Unit 18 - part 2 Flashcards
Types of Lease
There are three basic forms of lease payments:
- the gross lease
- the net lease
- the percentage lease.
Gross Lease
In a gross lease, the tenant pays a fixed rent and some or all of the utility expenses, while the landlord pays all taxes, insurance, repairs, any other utility expenses, and maintenance connected with the property.
Residential and commercial office leases are most often gross leases.
Net Lease
ln a net lease, the tenant pays all or most of the property expenses, such as hazard insurance, property taxes, and/or common area maintenance (CAM) charges, in addition to the rent.
The monthly rental is net income for the landlord after operating costs have been paid.
Leases for entire commercial and industrial buildings and the land on which they are located, ground leases, and long-term leases are usually net leases.
Percentage Lease
This type of lease is generally used for retail business leases.
The rent is based on a minimum fixed rental fee plus a percentage of the gross income received by the tenant doing business on the leased property. The percentage charged is negotiable and varies depending on the nature of the business, location of the property, and general economic conditions.
Either a gross lease or a net lease may be a percentage lease.
Variable Lease
A lease may allow for increases in the rental charges during the lease term.
A graduated lease provides for specified rent increases at set future dates. An index lease allows rent to be increased or decreased periodically based on changes in the consumer price index or some other indicator.
Ground Lease
When a landowner leases unimproved land to a tenant who agrees to erect a building on the land, the lease is usually called a ground lease.
It is most often used in commercial and industrial property development. Ground leases typically involve separate ownership of the land and the buildings.
They often run for terms of 50 to 99 years.
Ground leases are generally net leases: the lessee must pay rent on the ground, as well as real estate taxes, insurance, utilities, and repairs.
At the end of the lease term, any tenant-built structures on the property usually become the property of the landlord.
Oil and Gas Lease
When an oil company leases land to explore for oil and gas, a special lease agreement must be negotiated. Except for enough surface space to conduct extraction operations, the lease covers subsurface rights.

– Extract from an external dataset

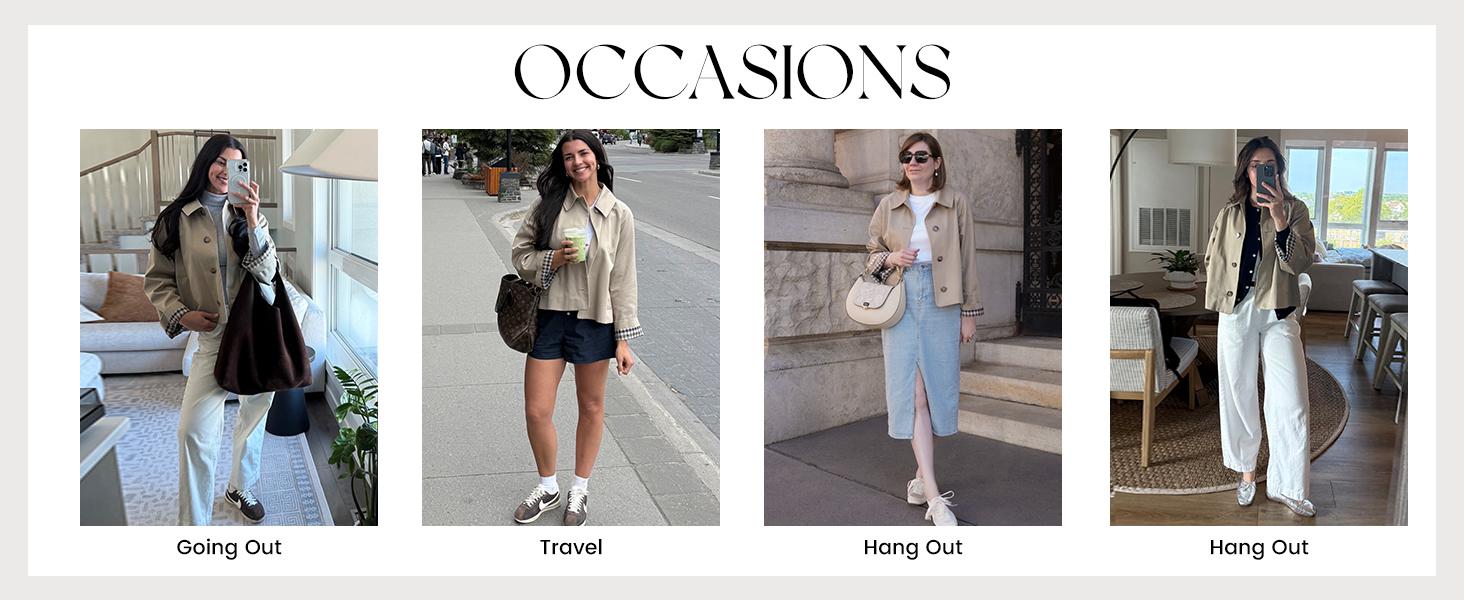 UANEO Womens Cropped Trench Coat Classic Collar Oversized Casual Jackets with Checkered Lining SummerVibes UANEO Womens Cropped Trench Coat Classic Collar Oversized Casual Jackets with Checkered Lining SummerVibes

If oil or gas is found, the landowner usually receives a percentage of its value as a royalty. As long as oil or gas is obtained in significant quantities, the lease continues indefinitely.
Oil and gas leases, even after they have expired, are often listed as exclusions in title insurance policies.
Lease Purchase
A lease purchase is used when a tenant wants to purchase the property but is not yet able to do so.
Sale-and-leaseback
In a sale-and-leaseback, the property owners sell the property and then lease it back for an agreed period and rental.
The original owners pull out their equity to use on other projects and are also able to reduce their taxable income when they pay rent to the new owner. The new owner has a reliable source of rental income for an extended time.
Discharge of a Lease
A lease is discharged when the contract terminates. Termination can occur either when all parties have fully performed their obligations under the agreement, or when the parties agree to cancel the lease.
The clause, known as a sale clause, requires that the tenant be given some period of notice before the termination. Because the new owner takes title subject to the rights of the tenant, the sale clause enables the new landlord to claim possession and negotiate a new lease under new terms and conditions.
A tenancy may also be terminated by operation of law, as in a bankruptcy, foreclosure, or condemnation proceeding in an eminent domain action.